第25話

『ただし人によっては辛い選択になります』

 耳の奥に阿弥陀さんの言葉がこだましている。あの時は深く考えずに流した言葉が、今になって重くのし掛かる。誰にも認識されない事がこんなに辛い事だったなんて……ジワリと目頭が熱くなって慌てて腕で目を隠した。誰にも見られないのに習慣ってのは抜けないもんだな、なんて自嘲気味に口元を歪ませた時だった。

「ねぇ、お兄ちゃん起きてる?」

 小さな子供の声が耳の側で聞こえた。なんだ? ガキが兄貴と散歩でもしてるのか? そんな事をぼんやり考えていたら、突然腕を掴まれた。

「お兄ちゃんってば」

 俺は思わず飛び起きた。俺が突然起きた事に驚いたのか、小さな子供が目をパチクリさせてこちらを見ていた。

「えっ? えっ? お前、俺が見え、って言うか触れる……のか?」

 思わずしどろもどろになる俺にその子はニコーと笑って立ち上がった。
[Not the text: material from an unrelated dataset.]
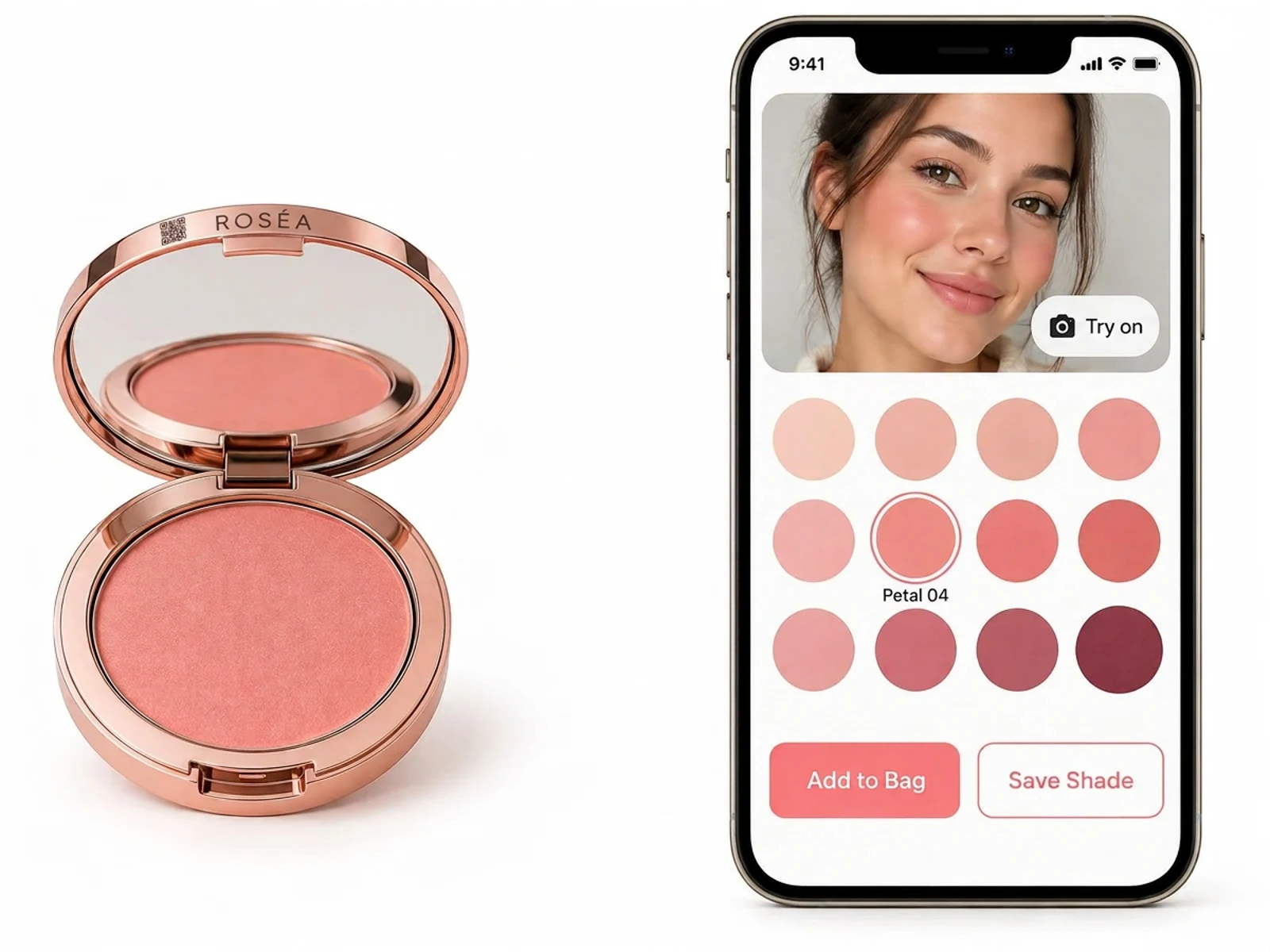 Roséa rose-gold blusher compact with a small QR printed on its lid beside a phone shade picker with a try-on selfie, twelve shade circles and Add to Bag and Save Shade buttons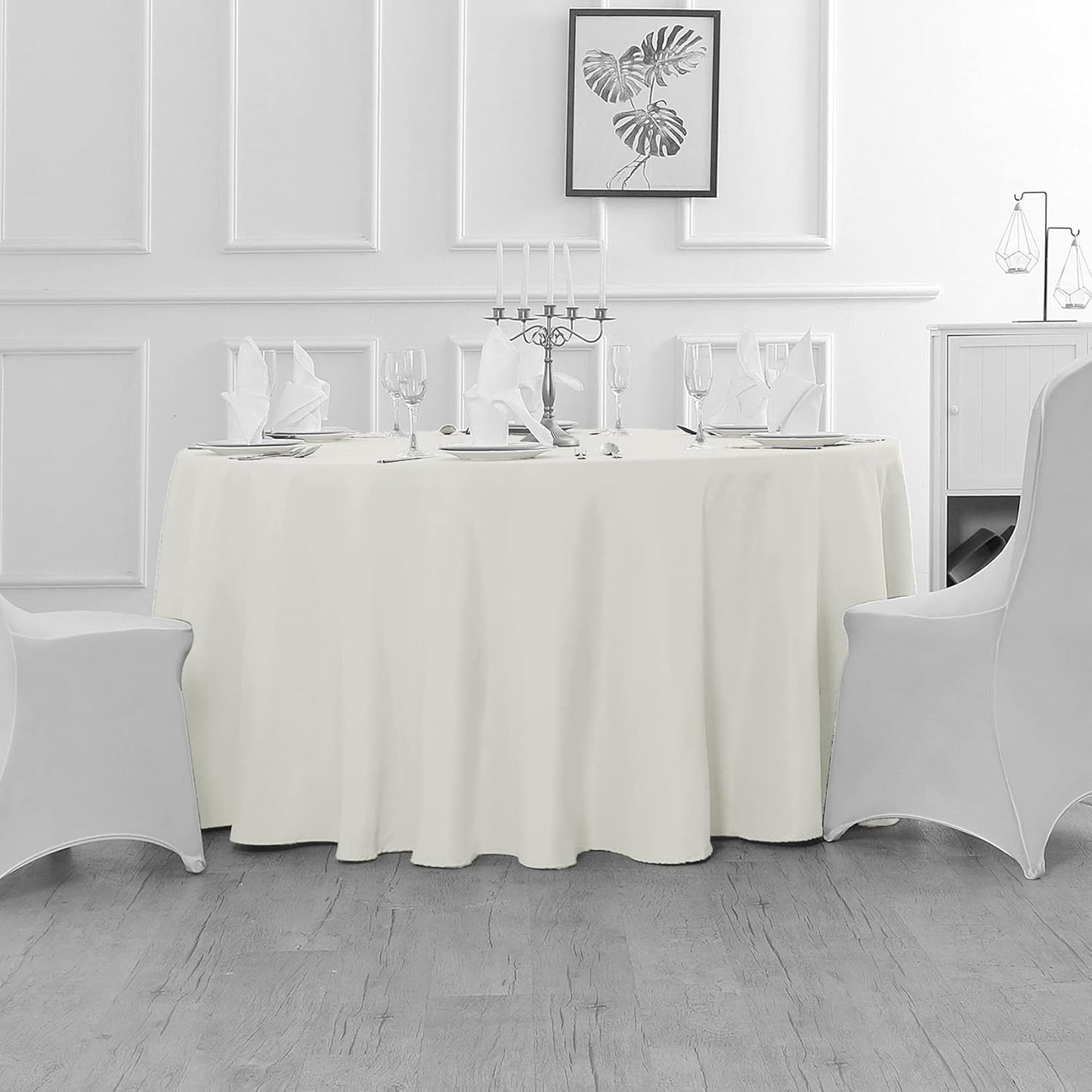 Fokitut 12 Pack Waterproof Round Tablecloth, 120 Inch, Stain Resistant and Wrinkle Polyester Table Cloth, Fabric Table Cover for Kitchen Dining, Wedding, Party, Holiday Dinner-Ivory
やけに小さいと思っていたが、どうやら今までしゃがんでいたらしい。ただ立ち上がっても小さい事に変わり無い。小さな頭に不釣り合いな程に大きくてまん丸に結った髪が頭のてっぺんに乗っている。服装は着物だ。灰色の生地に細かい青色の縦縞が入った着物に白いエプロンと言う姿だ。その子は俺の隣に座るとじっと俺の顔を見つめてきた。

「アタシ、アグリ。お兄ちゃんは?」

「ゆ、ユータ」

 当然のように名乗るから俺も普通に返してしまった。しかも呼ばれ慣れてるあだ名の方で、だ。アグリ、と名乗るこのガキ、俺が見えてるみたいだし格好も明らかに古めかしい。と言う事は、この子も幽霊って事か。

「なぁ、お前」

「アグリ」

「あぁ、悪い。アグリな。アグリはずっとこの公園にいたのか?」

「んーん、来たのはちょっと前。雪が降ってた日」

 雪か、ここら辺には三月の終わりから住み始めたけど、その頃には雪の気配は微塵も感じられなかった。そう言えば一月の始めに大雪が降った日があった。普段殆ど降らない俺らの地元でもかなり降ったから、この辺りはもっと酷かっただろう。
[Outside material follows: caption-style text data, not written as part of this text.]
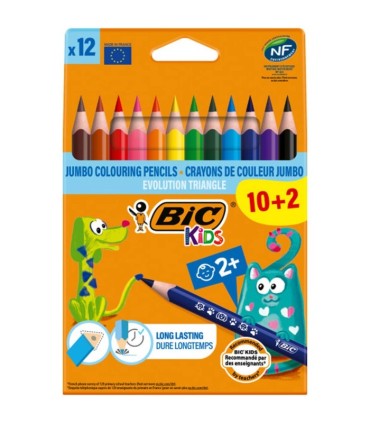 BIC KIDS EVO GRUBE OŁÓWKOWE TRÓJKĄTNE KREDKI DLA DZIECI 12 KOLORÓW, EKO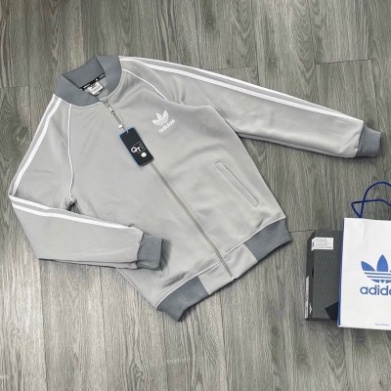 Hàng Mới Áo khoác Bomber Das nam nữ thêu logo cỏ ba lá phối 3 sọc kẻ trắng viền tay chất nỉ da cá bo ống dày dặn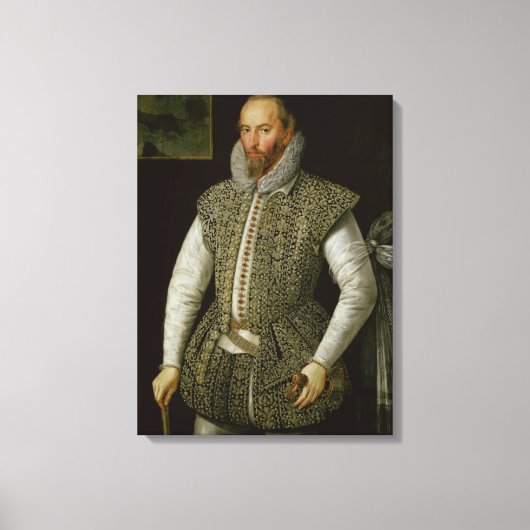 Portret van Sir Walter Raleigh, 1598 Canvas Afdruk (Voorkant)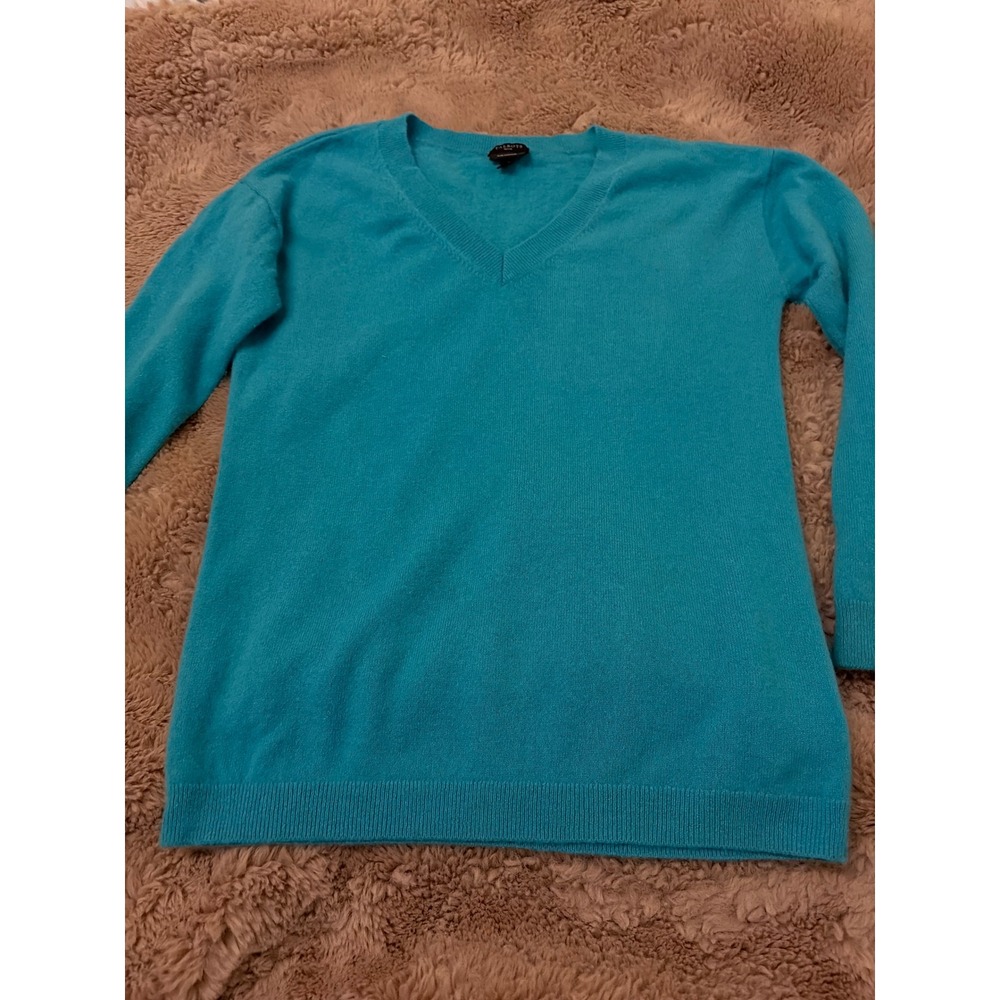 Talbots Petite Pure Cashmere V-Neck Sweater Turquoise Blue MP Long Sleeve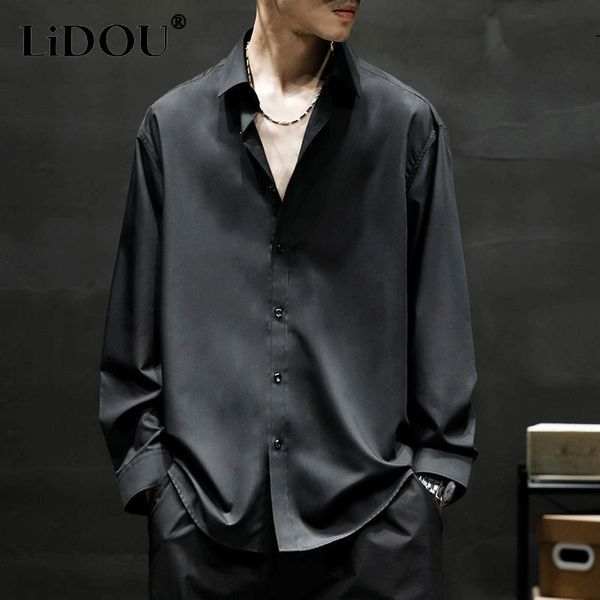men's casual shirts autumn winter casual fashion high-end simple shirt man long sleeve drape solid blouse male loose all match streetwe, White;black
men's casual shirts autumn winter casual fashion high-end simple shirt man long sleeve drape solid blouse male loose all match streetwe, White;black
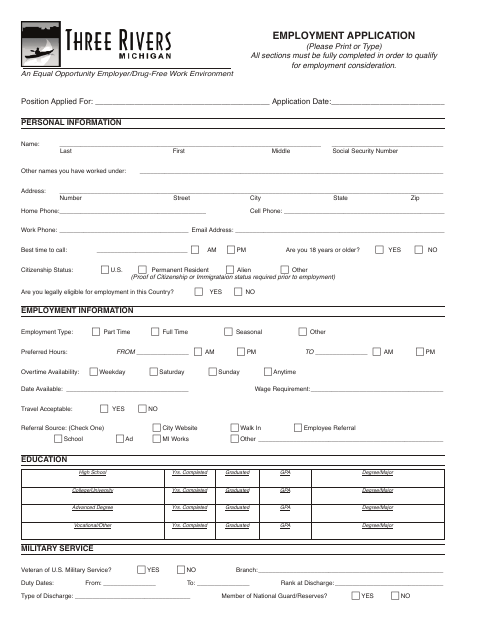 First page of the Employment Application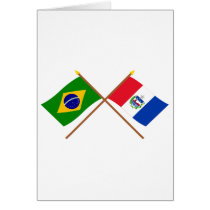 Crossed Flags of Brazil and Alagoas Card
「すげー雪だったんじゃねぇか? 大丈夫だったのか?」

 そう俺が言うとアグリは一瞬キョトンとした顔をして、直後に声を上げて笑った。

「アタシ死んでるもん。平気に決まってるじゃん」

「平気なのか? そう言うもんなのか?」

 そう言えば夏に暑がってる幽霊なんて聞いた事ないな。でも、だったら日差しが暖かく感じるのはどう言う事だ?
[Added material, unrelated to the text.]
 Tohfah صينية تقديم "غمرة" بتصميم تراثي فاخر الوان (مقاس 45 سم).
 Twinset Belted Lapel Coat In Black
 俺が首を捻ると、アグリの眉毛がギュッと真ん中に寄った。

「ユータも死んでる人なんだよね? なんで知らないの?」

「あー、死んだばっかりなんだよ俺。まだ一週間経って無いと思う」

 俺がそう言うとアグリの表情がパッと明るくなった。

「なーんだ、そうだったんだね。じゃあ、リンちゃんのトコに連れてってあげる」

「リンちゃん?」

「そう。リンちゃんは何でも知ってるんだよ」

 ベンチからピョンと飛び降りるとアグリは俺の手を掴んだ。

「ユータは赤ちゃんだから、リンちゃんに教えてもらわなきゃダメー」

 そう言って俺の手を引いて走りだした。赤ちゃんってのは幽霊になったばかりって事が言いたいのか。俺は幼い後ろ姿に苦笑いしつつ引かれるままに走った。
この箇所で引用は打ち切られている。